DATA SECTION:
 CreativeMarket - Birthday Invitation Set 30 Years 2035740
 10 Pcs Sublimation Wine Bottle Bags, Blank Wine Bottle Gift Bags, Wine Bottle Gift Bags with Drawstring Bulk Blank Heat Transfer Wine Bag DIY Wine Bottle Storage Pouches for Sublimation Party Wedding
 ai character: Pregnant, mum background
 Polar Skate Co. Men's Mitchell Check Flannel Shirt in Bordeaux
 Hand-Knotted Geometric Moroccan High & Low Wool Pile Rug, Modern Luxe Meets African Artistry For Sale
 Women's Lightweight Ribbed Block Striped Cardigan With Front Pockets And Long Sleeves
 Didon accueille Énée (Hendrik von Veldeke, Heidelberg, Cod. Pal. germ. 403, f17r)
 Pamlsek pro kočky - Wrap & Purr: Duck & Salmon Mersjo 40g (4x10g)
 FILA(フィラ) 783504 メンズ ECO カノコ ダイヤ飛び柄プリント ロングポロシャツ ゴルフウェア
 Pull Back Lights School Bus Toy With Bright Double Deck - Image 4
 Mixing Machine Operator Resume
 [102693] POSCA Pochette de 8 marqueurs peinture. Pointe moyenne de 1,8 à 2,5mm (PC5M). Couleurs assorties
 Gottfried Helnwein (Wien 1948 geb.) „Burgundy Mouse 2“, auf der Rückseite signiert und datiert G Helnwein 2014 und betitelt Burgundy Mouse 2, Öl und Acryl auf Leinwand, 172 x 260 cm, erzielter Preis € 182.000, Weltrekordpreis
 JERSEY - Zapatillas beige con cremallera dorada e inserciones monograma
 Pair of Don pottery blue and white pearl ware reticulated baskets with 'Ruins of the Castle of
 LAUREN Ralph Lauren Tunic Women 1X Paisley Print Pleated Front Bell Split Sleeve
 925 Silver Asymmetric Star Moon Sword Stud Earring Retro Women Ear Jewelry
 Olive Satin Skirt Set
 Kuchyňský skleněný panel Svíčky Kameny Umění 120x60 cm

TASK BRIEF: Copy out the lines above exactly, beginning at the one that contains "Pamlsek pro kočky" and ending at the one that contains "Mixing Machine Operator Resume".

YOUR RESPONSE:
 Pamlsek pro kočky - Wrap & Purr: Duck & Salmon Mersjo 40g (4x10g)
 FILA(フィラ) 783504 メンズ ECO カノコ ダイヤ飛び柄プリント ロングポロシャツ ゴルフウェア
 Pull Back Lights School Bus Toy With Bright Double Deck - Image 4
 Mixing Machine Operator Resume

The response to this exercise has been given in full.